BioWare switches SWTOR team around to create more PvP, end game content

By Stephany Nunneley

SWTOR lead designer Daniel Erickson has said the team at BioWare has realized how large the PvP community is, so it has “turned a huge amount of resources” towards creating more content. He also told RPS that more team members have been assigned to create end game content as players are approaching the current cap faster than previously thought.

According to Erickson, more events like the Rakghoul Outbreak are also on the way. Like the Corrupted Blood Plague from World of Warcraft, the Rakghoul virus went from player-to-player providing not only a “mid-storyline surprise” for players, but a chance to explode as well.

“Part of the magic of doing something like this is that it feels organic and gives you a sense that the world is changing,” Erickson said. “A surprise you’re warned about ahead of time isn’t much of a surprise.”

“We definitely learned a lot of cautionary lessons [from World of Warcraft] about what to watch out for and protect against if you let your players loose with a contagion. We had a pretty good idea players would spread it no matter how hard we tried to stop them, so instead we encouraged it with rewards and quests and then ran every possible scenario we could think of to make sure it didn’t create any unintended consequences.

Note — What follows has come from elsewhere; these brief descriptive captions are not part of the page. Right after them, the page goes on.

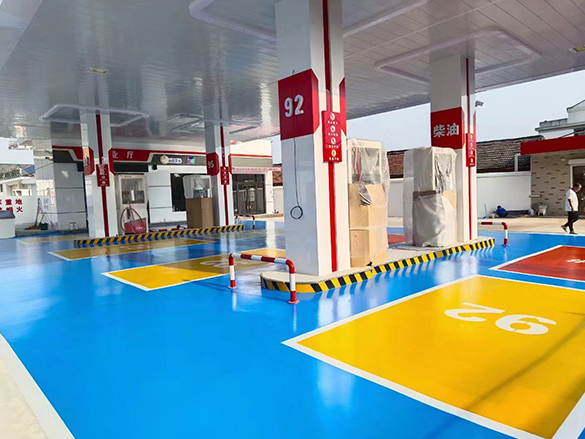 环氧地坪施工的常见挑战与应对策略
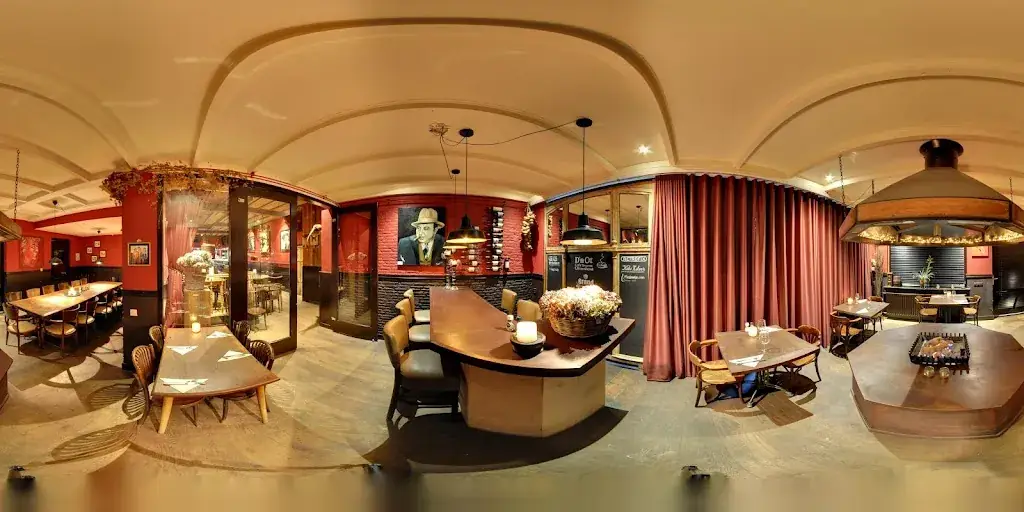 D'n ot restaurant in Ulvenhout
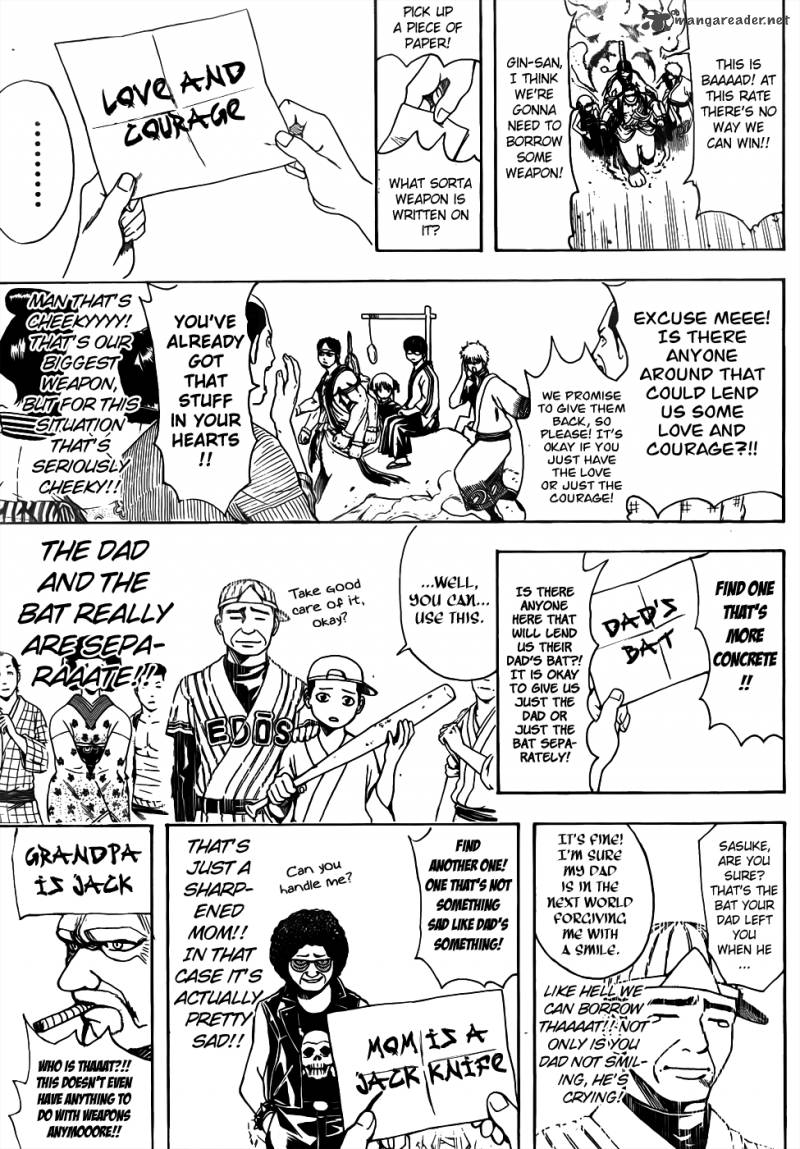 Gintama 501 13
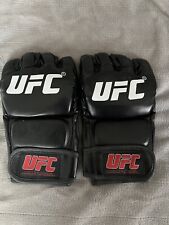 Par de guantes UFC MMA, usado segunda mano  Embacar hacia Argentina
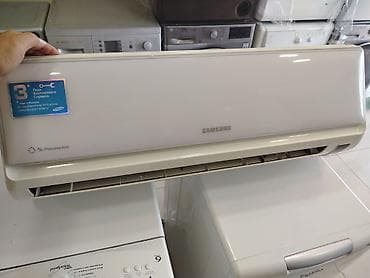 mini kandisoner: Kondisioner Samsung, İşlənmiş, 40-45 kv. m, Daxili blok, Ödənişli quraşdırma — 4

“There were two things we actively tried to encourage with the event, and those were community involvement in solving the mystery and free-roaming PVP on the PVP servers. Both were successes.”

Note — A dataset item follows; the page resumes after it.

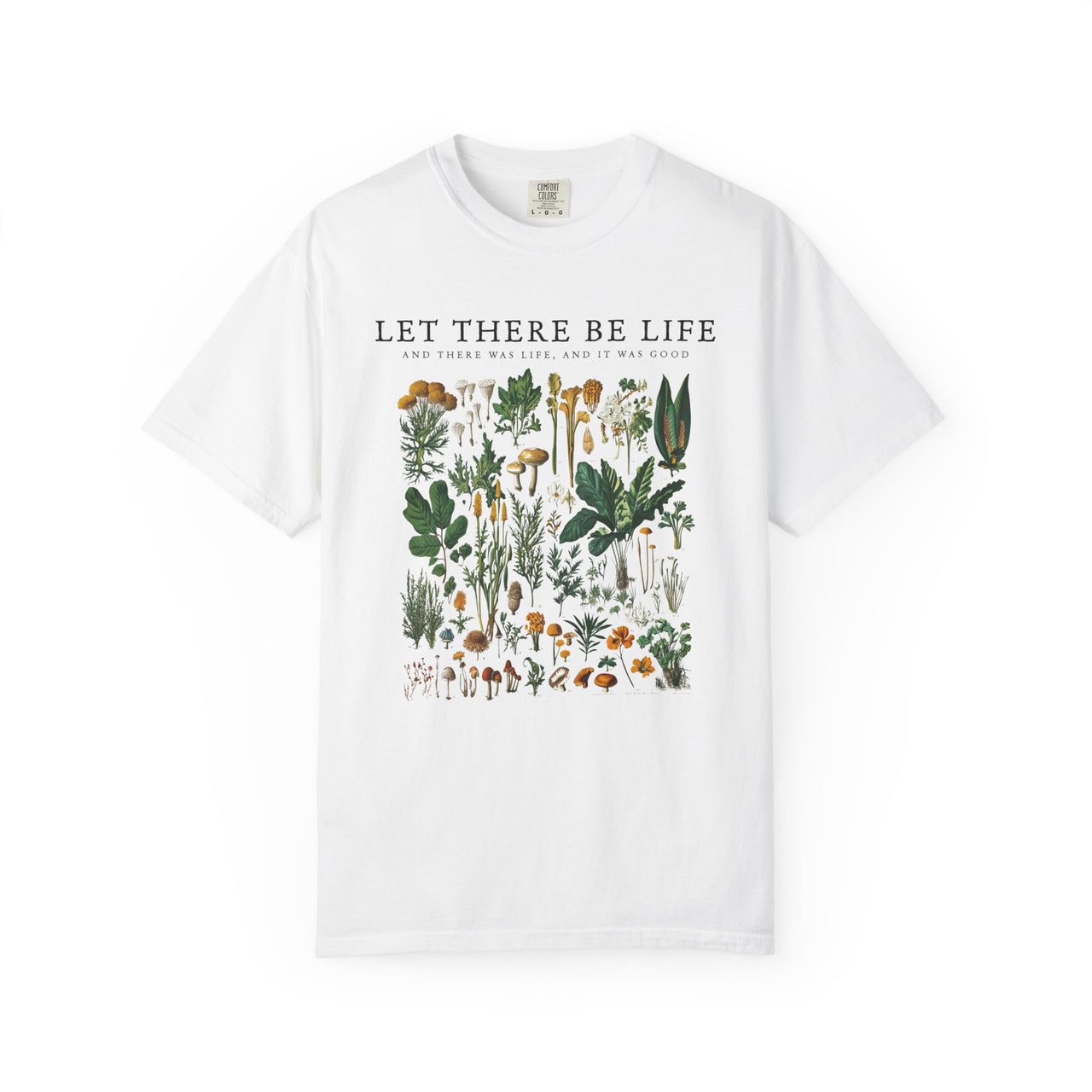 Let there be life - Unisex Tee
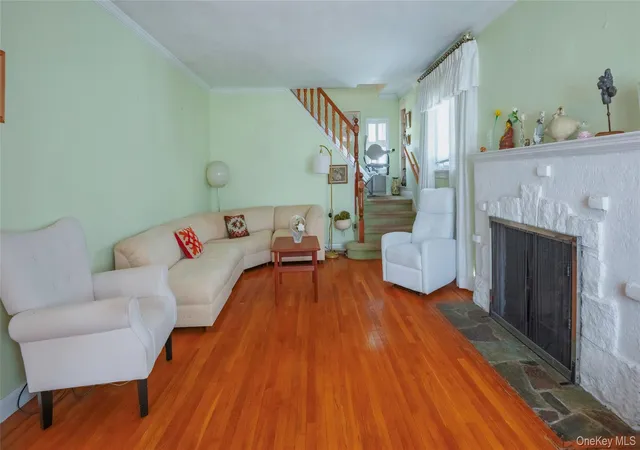Photo 2 of Single family home for sale at 141-27 Coolidge Ave, Jamaica, NY 11435 | MLS# 1012514 | Listing updated on 2026-10-28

Erickson said the team learned “two big lessons coming out of not just launch but beta testing,” when it came to development direction, one of which was not to underestimate the popularity of PvP among MMO players.

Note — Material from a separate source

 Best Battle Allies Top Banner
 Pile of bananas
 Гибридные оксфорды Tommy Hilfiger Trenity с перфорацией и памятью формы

“Although we had not originally planned the game to be heavily PVP-focused, the ease of getting in and playing the Warzones combined with their fun design gave us the highest PvP participation of any modern triple-A MMO,” he said. “At that point we turned a huge amount of our resources to PVP development, but we’re still playing a bit of catch-up, and that is understandably frustrating to our most advanced PVP users.

“The second [lesson] was that the better your leveling content, the longer people would play in single sessions, and that when people are playing an average of five-or-six-hours-a-pop, they devour your content at an amazing pace. That meant moving more teams to end game content earlier than we had expected.”